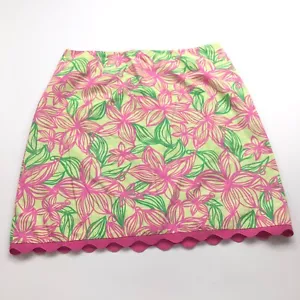 Lily Pulitzer 10 (Fits 32 In) Side Zip Flat Lined Mini Skirt Floral MINT HRJ - Picture 1 of 10
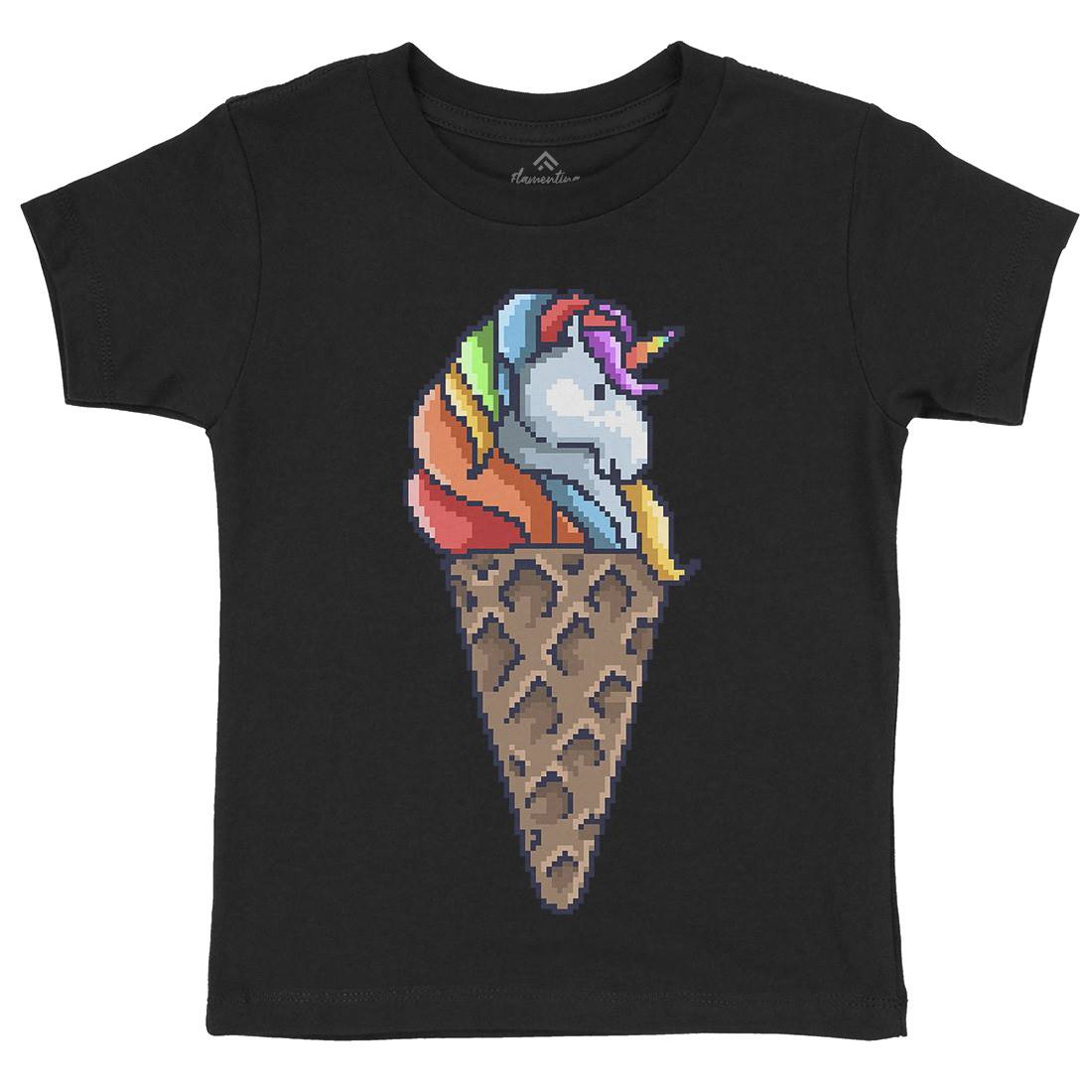 Unicorn Cone Kids Crew Neck T-Shirt Food B974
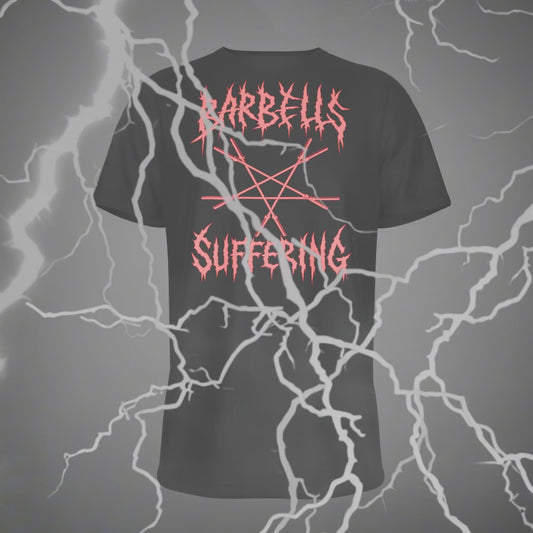 Barbells and Suffering T-Shirt – Satanic Heavy Metal Gym Shirt for Powerlifters and Bodybuilders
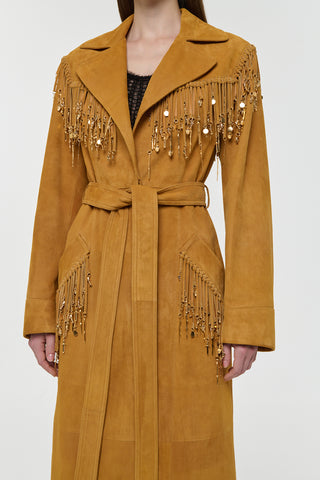 Cashew Suede Thaniel Trench Coat - Front Detail with Rose Gold Charms | Gabriela Hearst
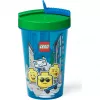 Room Copenhagen LEGO Trinkbecher mit Strohhalm Iconic Boy Hellblau (blau/grün, 500 ml)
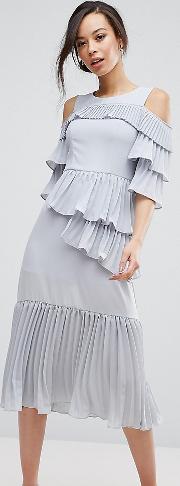 cold shoulder midi dress with pleated layer detail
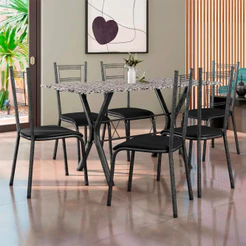 Conjunto de Mesa 6 Cadeiras Tampo de Granito Santiago Fabone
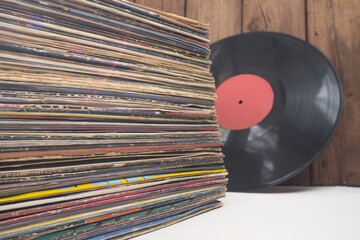 Fototapeta premium a bunch of old vinyl records. Retro music recording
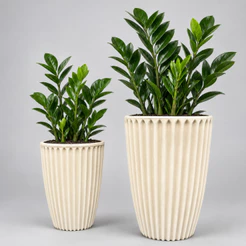Kit 2 Vasos de Plantas e Flores Decorativos Grande Coluna Romana P e PP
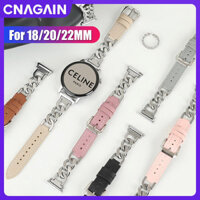 Đồng hồ thông minh CNAGAIN 18MM 20MM 22MM Dây đeo dây chuyền cao bồi sáng tạo thời trang, Dây kim loại rỗng + Dây đeo cổ tay bằng da mềm cho đồng hồ HUAWEI Watch GT4 / 3 / 2 46MM 41MM / Garmin Forerunner 945 / 245 / 645
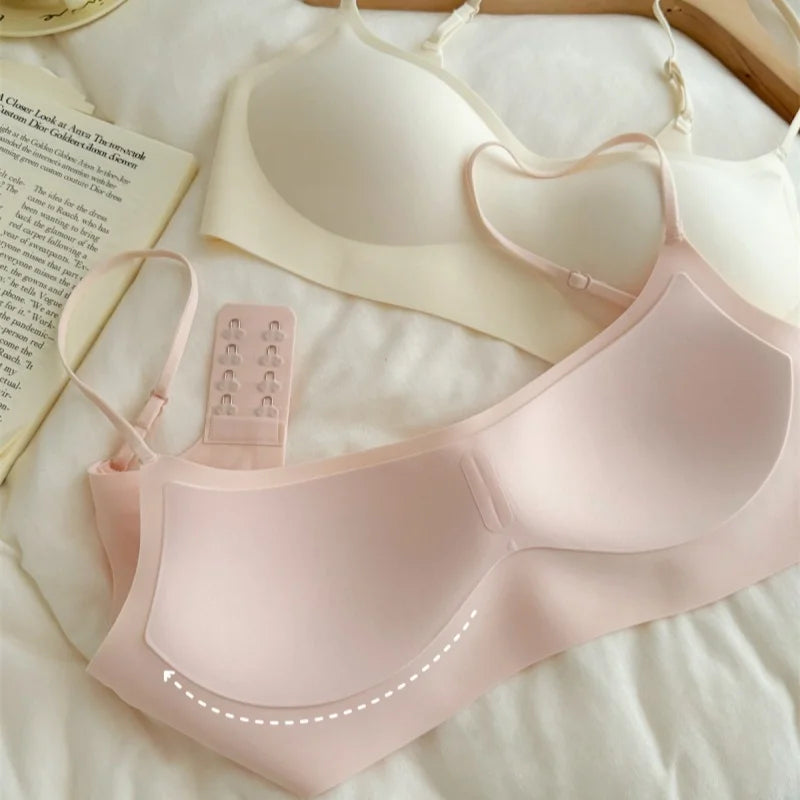 One-piece Seamless Wireless Square Neck Bra Women Adjustable Thin Strap Daily Brassiere Everyday No-Show Underwear S-XL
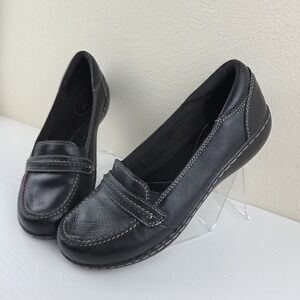 Clarks Bendables Womens Black Leather Loafers Slip On Shoes 62650 Size 8 M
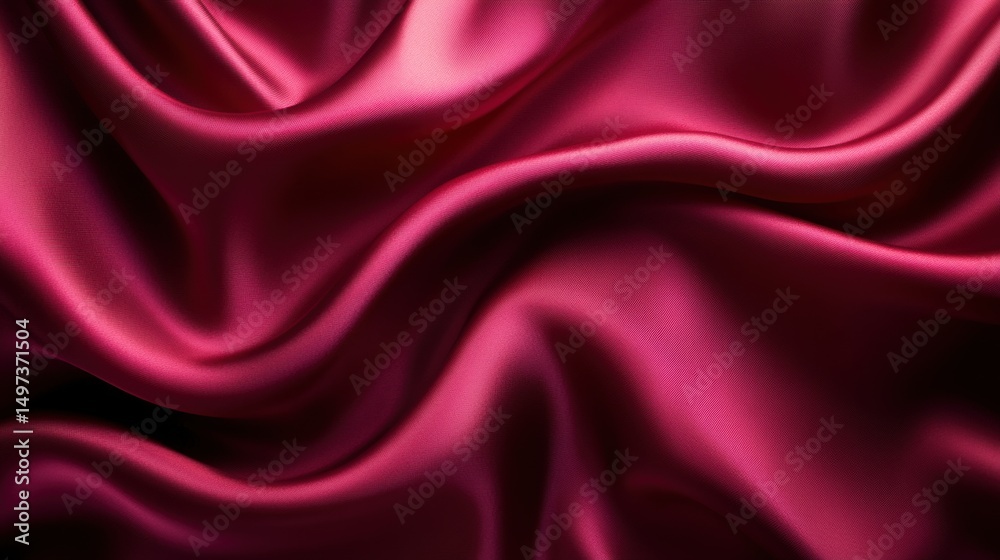Obraz premium Luxurious deep red satin fabric draping softly under gentle light in a close-up view creating an elegant atmosphere for textile enthusiasts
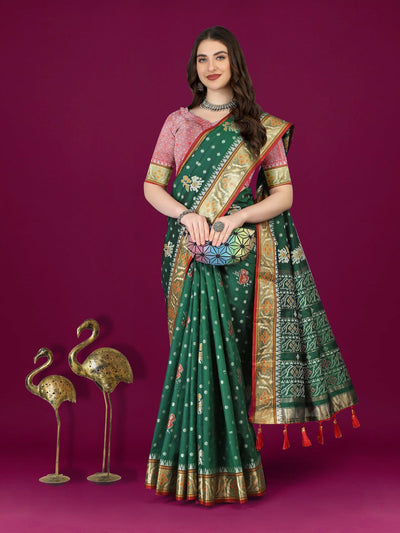 Odette Dark Green Silk Patola Woven Saree with Unstitched Blouse for Women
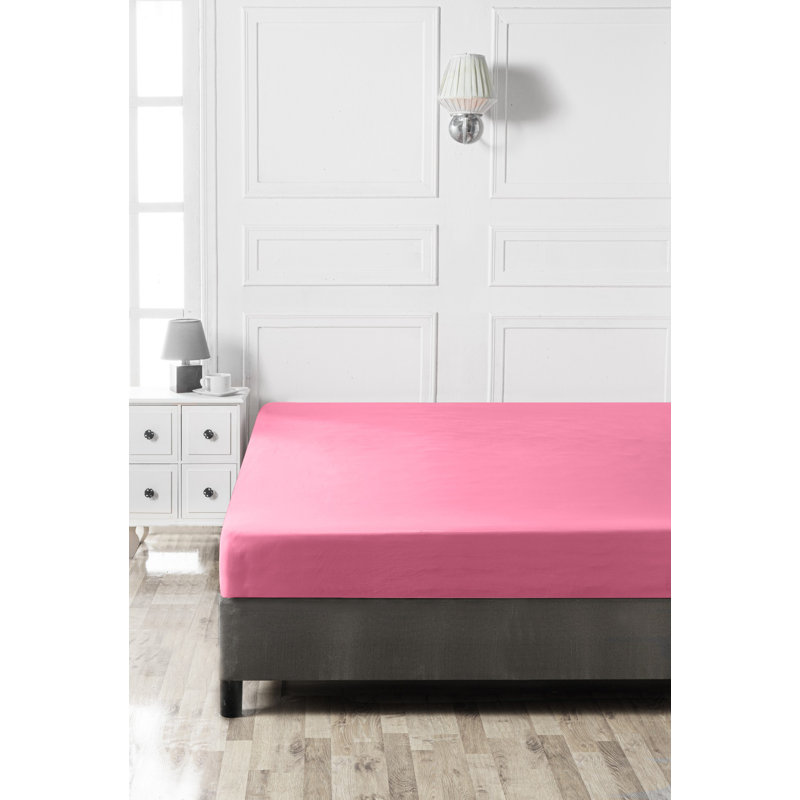 High-Quality Ranforce Large Fitted Sheet, Pink, 39.4 x 74.8 x 11.8 inches | 100% Cotton, 4.1 oz/sq yd | Machine Washable at 86°F, Soft and Breathable, Perfect for Comfortable Sleep on Twin XL Beds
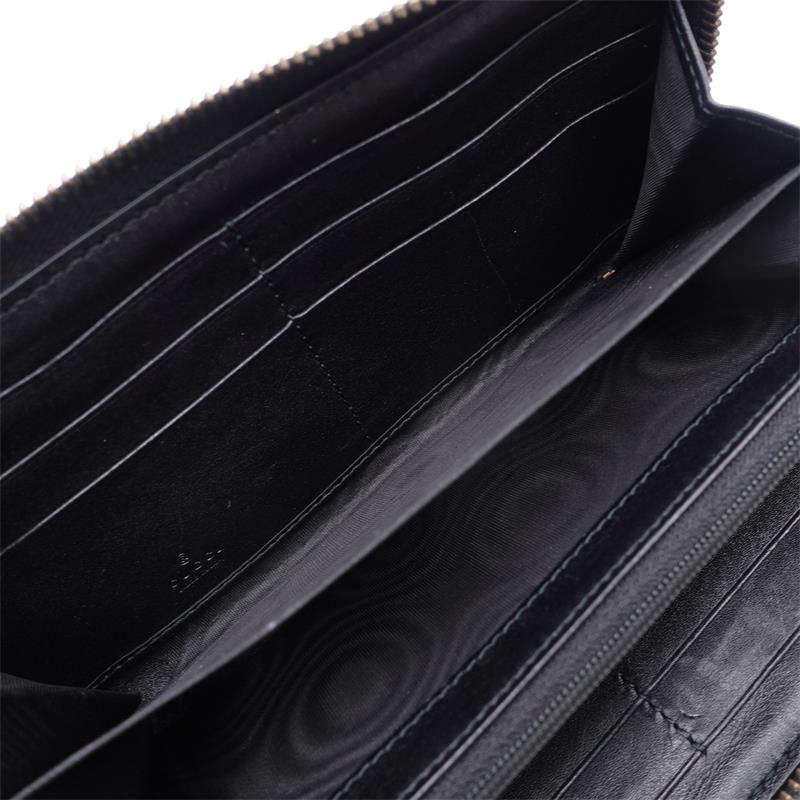 Pre-owned  Gucci Marmont Black Calfskin Long Wallet-HZ
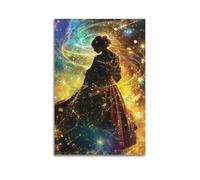 XGKJDS Stampa artistica da parete su tela, motivo: donna surrealista nella galassia cosmica, immagine misteriosa con effetti stellati, 50 x 75 cm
####################
**Your assignment**
Repeat exactly the lines above, beginning at the one containing "Unicorn Cone Kids" and ending at the one containing "Đồng hồ thông". Do not carry over any pictures.

**Task result**
 Unicorn Cone Kids Crew Neck T-Shirt Food B974
 Barbells and Suffering T-Shirt – Satanic Heavy Metal Gym Shirt for Powerlifters and Bodybuilders
 Cashew Suede Thaniel Trench Coat - Front Detail with Rose Gold Charms | Gabriela Hearst
 Room Copenhagen LEGO Trinkbecher mit Strohhalm Iconic Boy Hellblau (blau/grün, 500 ml)
 cold shoulder midi dress with pleated layer detail
 Conjunto de Mesa 6 Cadeiras Tampo de Granito Santiago Fabone
 Fototapeta premium a bunch of old vinyl records. Retro music recording
Kit 2 Vasos de Plantas e Flores Decorativos Grande Coluna Romana P e PP
 Đồng hồ thông minh CNAGAIN 18MM 20MM 22MM Dây đeo dây chuyền cao bồi sáng tạo thời trang, Dây kim loại rỗng + Dây đeo cổ tay bằng da mềm cho đồng hồ HUAWEI Watch GT4 / 3 / 2 46MM 41MM / Garmin Forerunner 945 / 245 / 645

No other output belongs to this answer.